- **Exercise data**

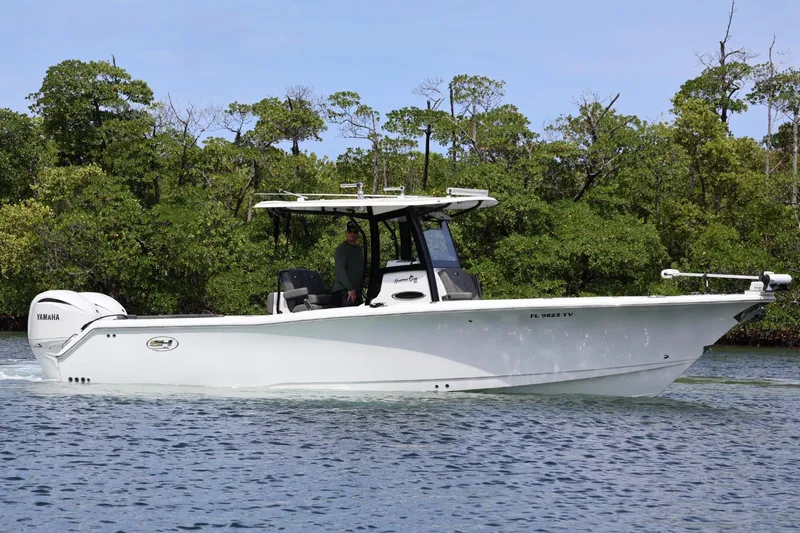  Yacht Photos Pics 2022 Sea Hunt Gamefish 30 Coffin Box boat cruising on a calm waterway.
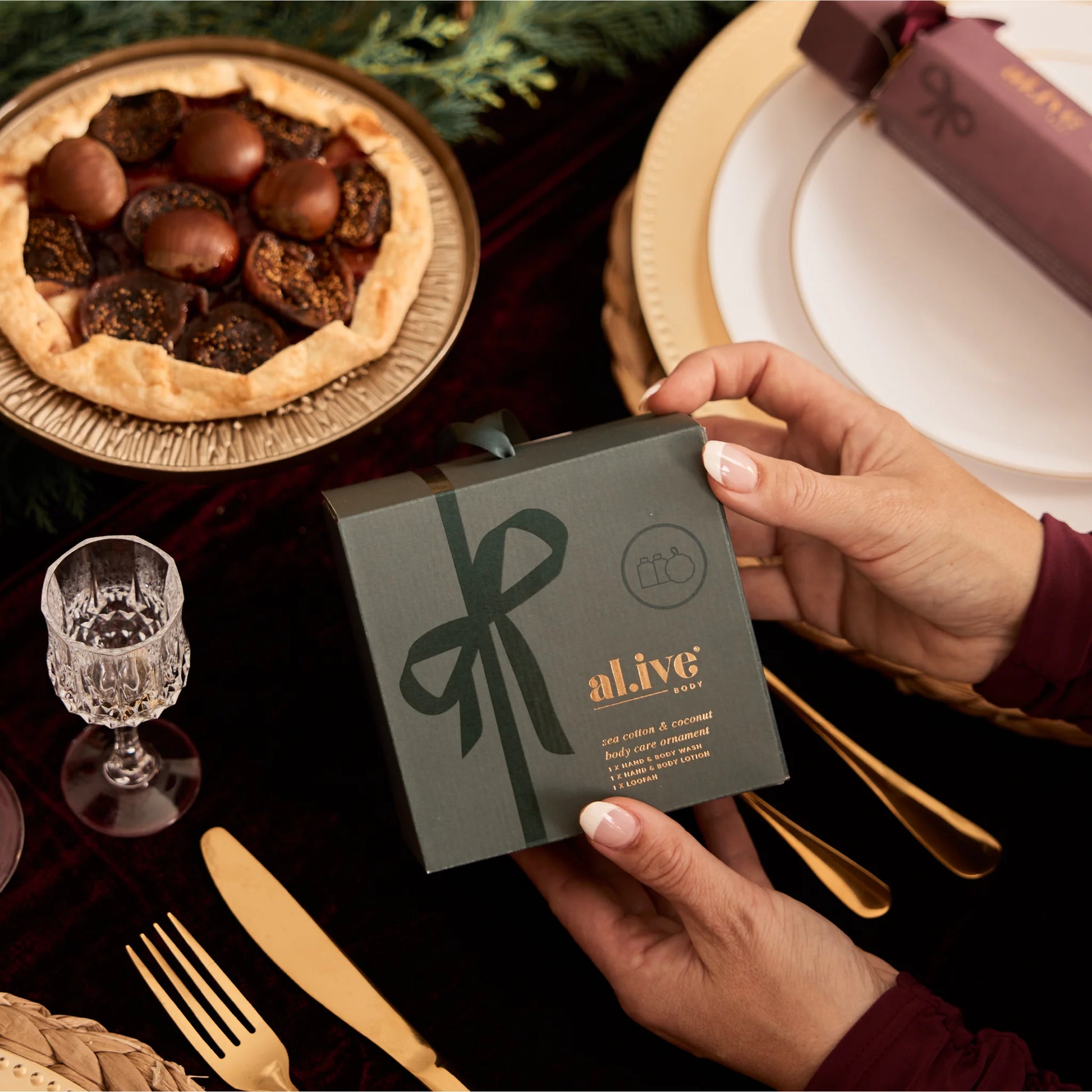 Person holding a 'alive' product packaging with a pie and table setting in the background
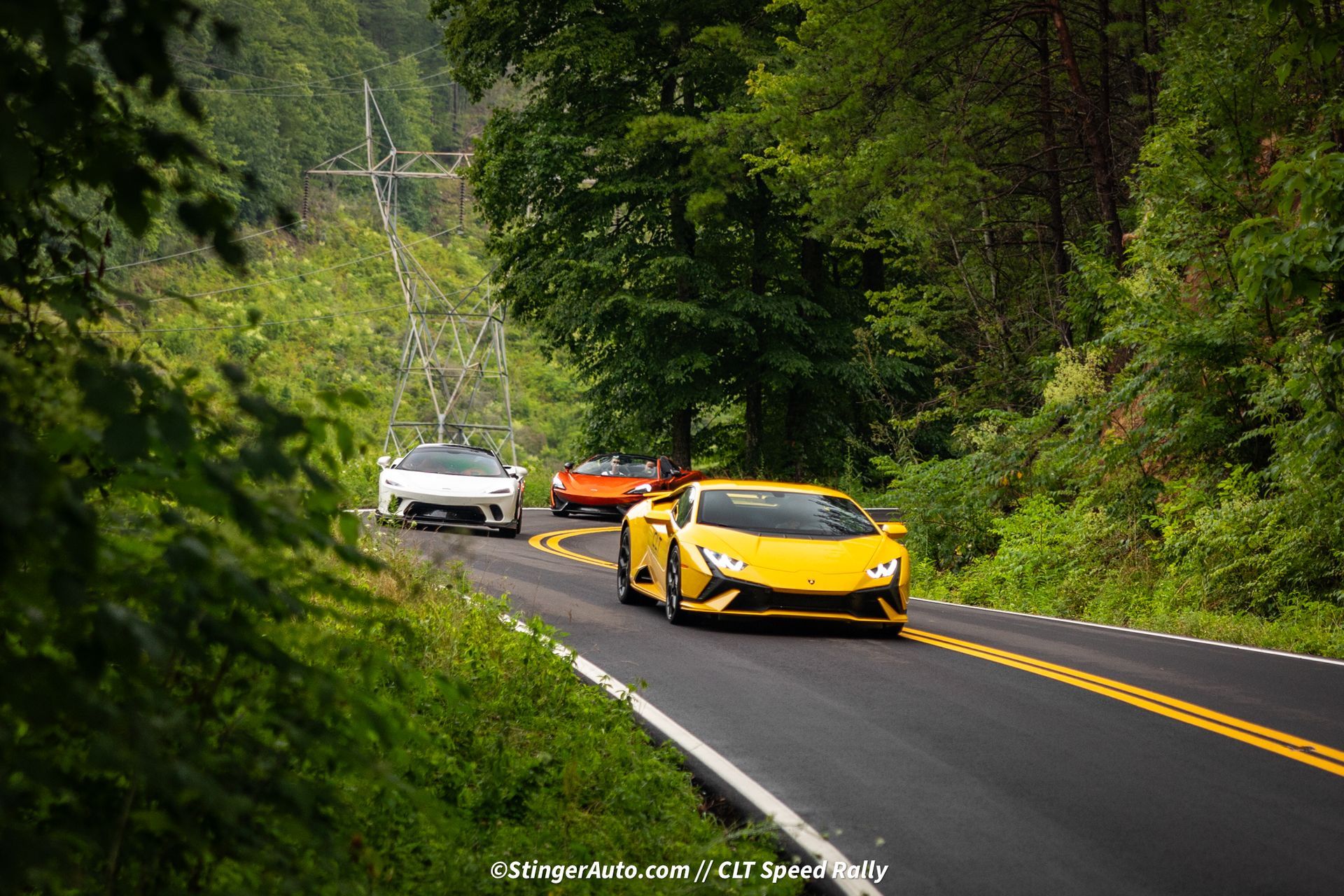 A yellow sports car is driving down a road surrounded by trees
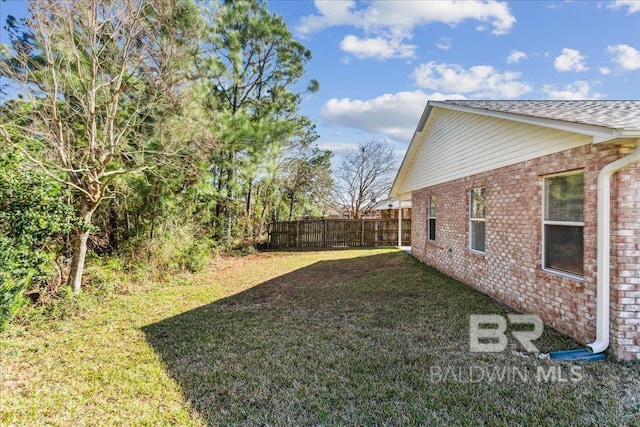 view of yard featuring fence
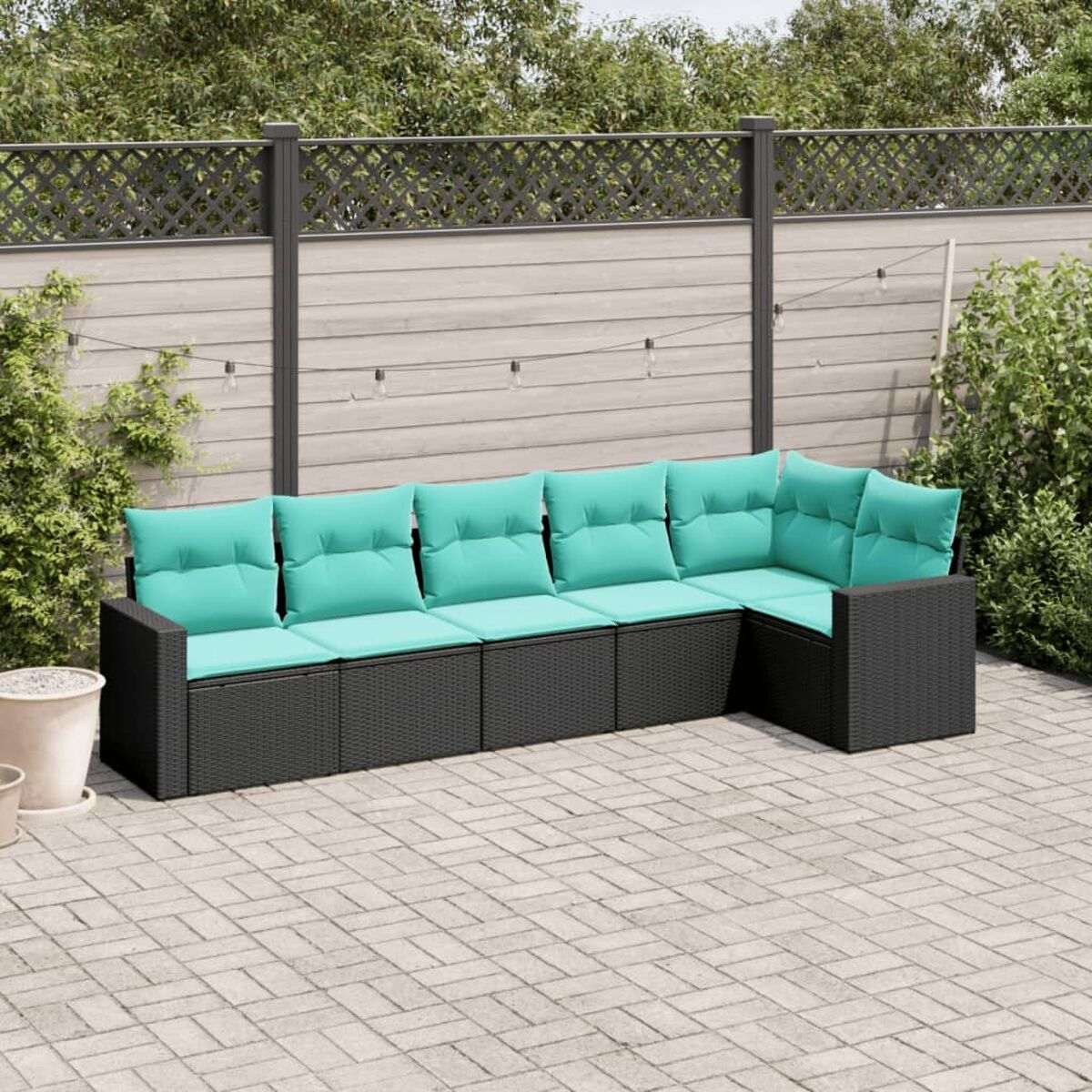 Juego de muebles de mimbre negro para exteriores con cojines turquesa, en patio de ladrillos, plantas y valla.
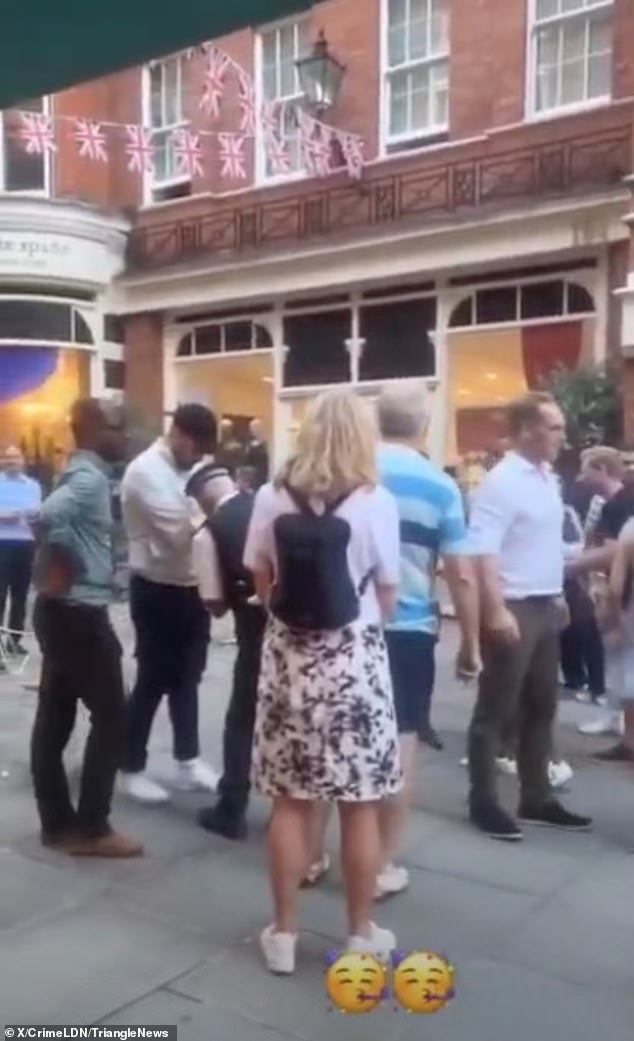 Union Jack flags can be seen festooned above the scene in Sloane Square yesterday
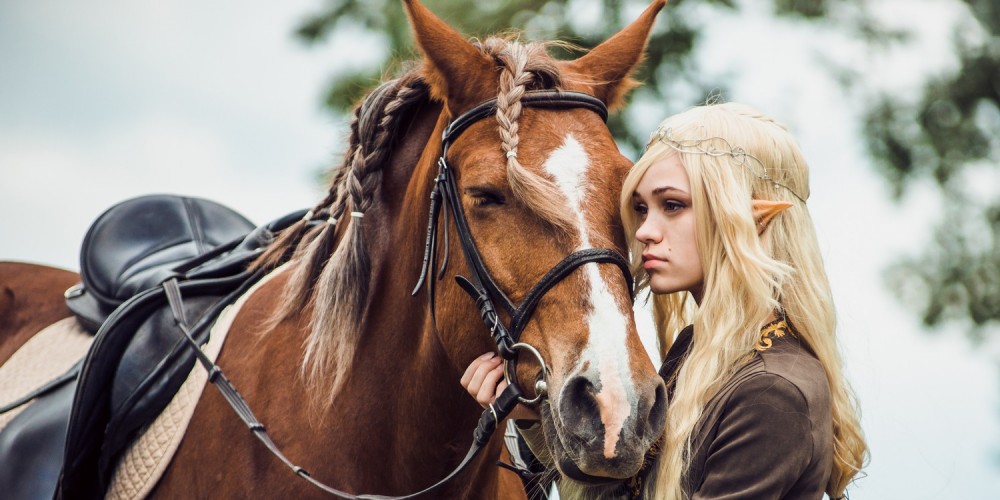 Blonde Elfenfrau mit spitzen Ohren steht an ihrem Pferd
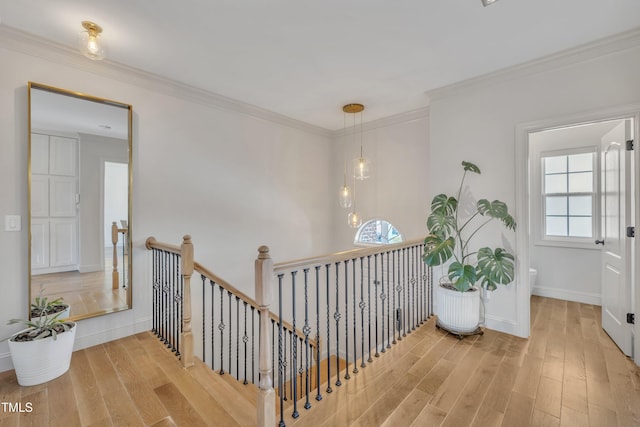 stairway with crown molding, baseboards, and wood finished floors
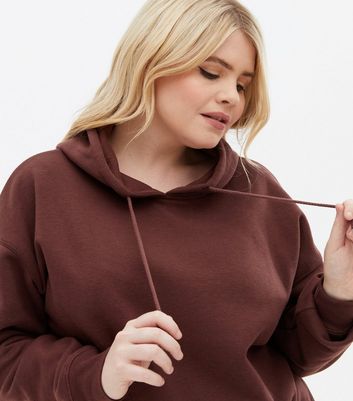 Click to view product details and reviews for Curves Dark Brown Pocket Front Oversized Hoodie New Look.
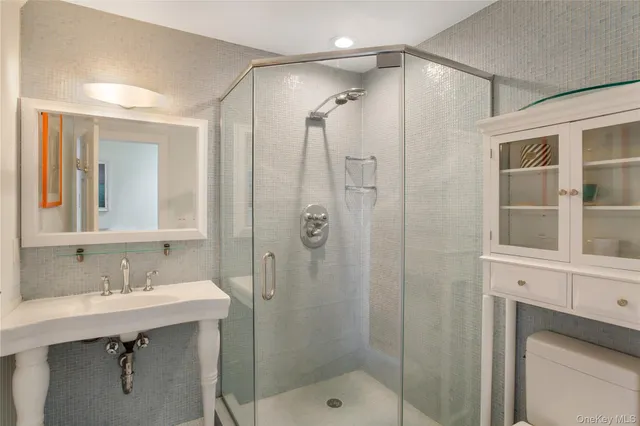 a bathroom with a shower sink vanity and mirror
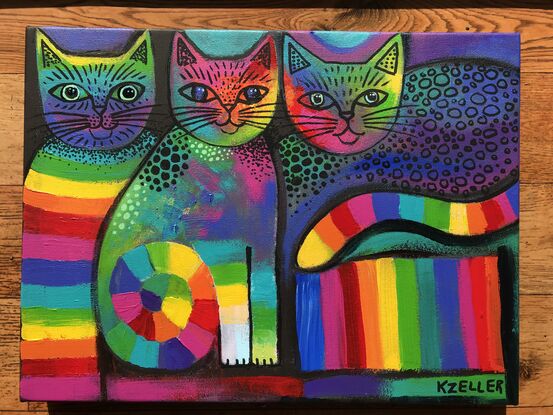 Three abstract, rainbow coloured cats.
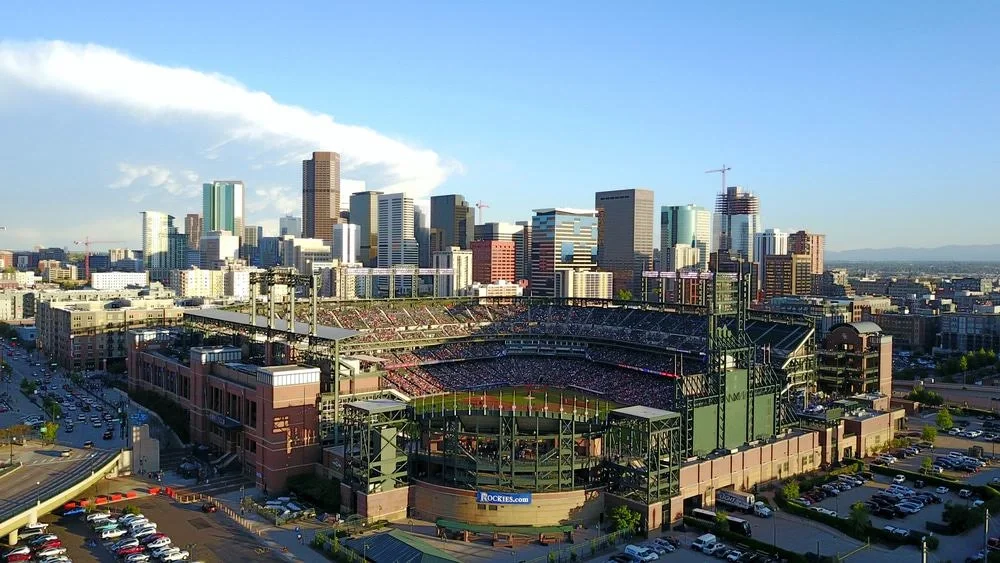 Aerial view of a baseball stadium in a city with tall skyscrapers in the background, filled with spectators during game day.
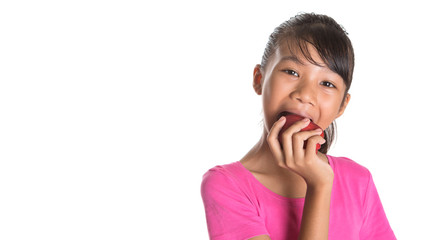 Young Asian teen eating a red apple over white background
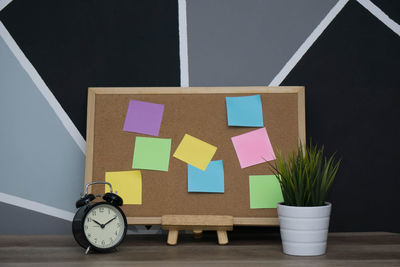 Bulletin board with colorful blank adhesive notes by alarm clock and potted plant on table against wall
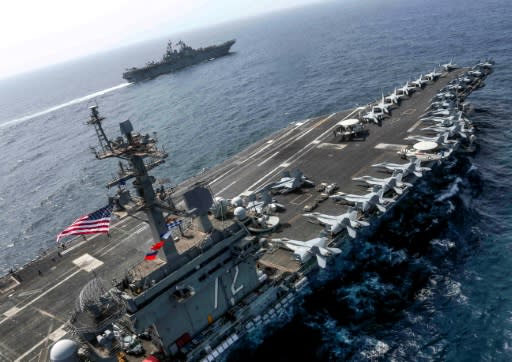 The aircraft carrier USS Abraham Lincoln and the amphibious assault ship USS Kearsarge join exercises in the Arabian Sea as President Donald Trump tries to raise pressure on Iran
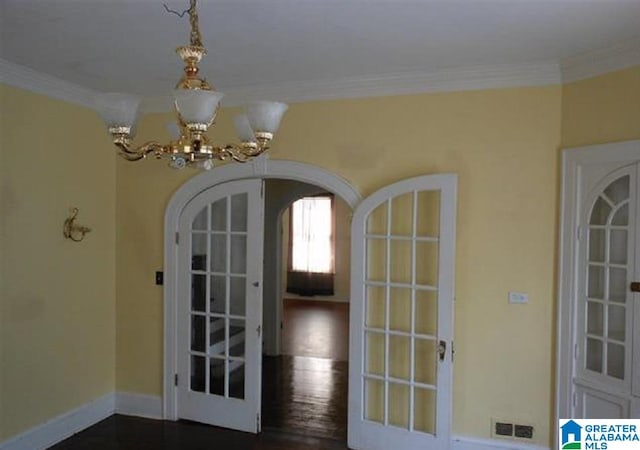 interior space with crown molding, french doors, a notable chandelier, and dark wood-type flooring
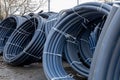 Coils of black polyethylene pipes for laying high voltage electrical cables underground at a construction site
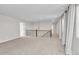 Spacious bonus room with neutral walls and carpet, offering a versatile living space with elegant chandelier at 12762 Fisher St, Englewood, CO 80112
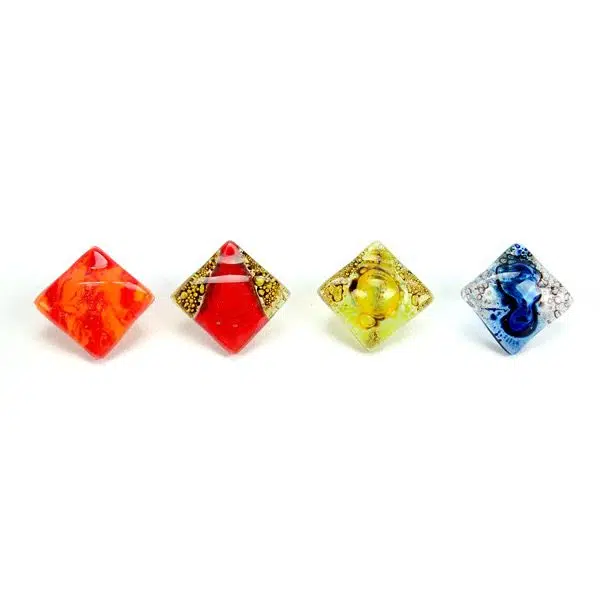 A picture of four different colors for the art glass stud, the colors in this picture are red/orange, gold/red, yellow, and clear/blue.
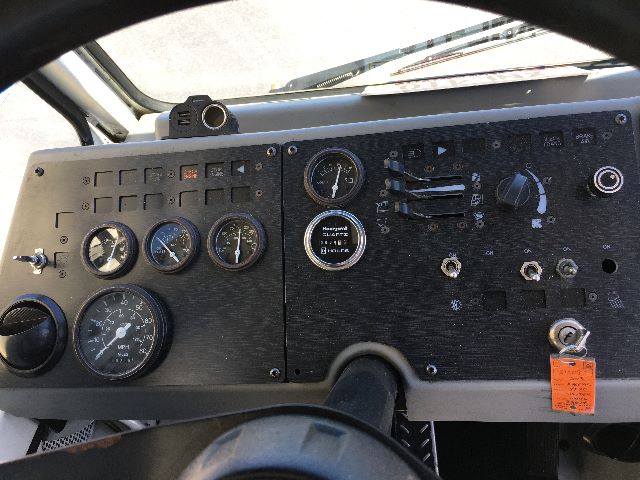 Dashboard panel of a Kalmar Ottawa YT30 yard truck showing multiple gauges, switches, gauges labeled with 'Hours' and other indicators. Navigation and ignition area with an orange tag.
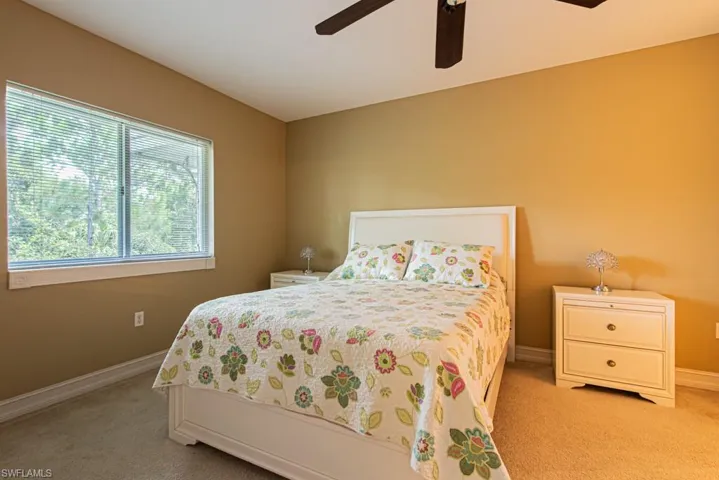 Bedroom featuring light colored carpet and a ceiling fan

- **Aim of the task**
Give the preceding data back exactly, minus every picture.

- **Task answer**
  Yacht Photos Pics 2022 Sea Hunt Gamefish 30 Coffin Box boat cruising on a calm waterway.
 Person holding a 'alive' product packaging with a pie and table setting in the background
 A yellow sports car is driving down a road surrounded by trees
 view of yard featuring fence
 Juego de muebles de mimbre negro para exteriores con cojines turquesa, en patio de ladrillos, plantas y valla.
 Union Jack flags can be seen festooned above the scene in Sloane Square yesterday
 Blonde Elfenfrau mit spitzen Ohren steht an ihrem Pferd
 stairway with crown molding, baseboards, and wood finished floors
 Click to view product details and reviews for Curves Dark Brown Pocket Front Oversized Hoodie New Look.
 a bathroom with a shower sink vanity and mirror
 Three abstract, rainbow coloured cats.
 Aerial view of a baseball stadium in a city with tall skyscrapers in the background, filled with spectators during game day.
 Young Asian teen eating a red apple over white background
 Bulletin board with colorful blank adhesive notes by alarm clock and potted plant on table against wall
 The aircraft carrier USS Abraham Lincoln and the amphibious assault ship USS Kearsarge join exercises in the Arabian Sea as President Donald Trump tries to raise pressure on Iran
 interior space with crown molding, french doors, a notable chandelier, and dark wood-type flooring
 Coils of black polyethylene pipes for laying high voltage electrical cables underground at a construction site
 Spacious bonus room with neutral walls and carpet, offering a versatile living space with elegant chandelier at 12762 Fisher St, Englewood, CO 80112
 A picture of four different colors for the art glass stud, the colors in this picture are red/orange, gold/red, yellow, and clear/blue.
 Dashboard panel of a Kalmar Ottawa YT30 yard truck showing multiple gauges, switches, gauges labeled with 'Hours' and other indicators. Navigation and ignition area with an orange tag.
 Bedroom featuring light colored carpet and a ceiling fan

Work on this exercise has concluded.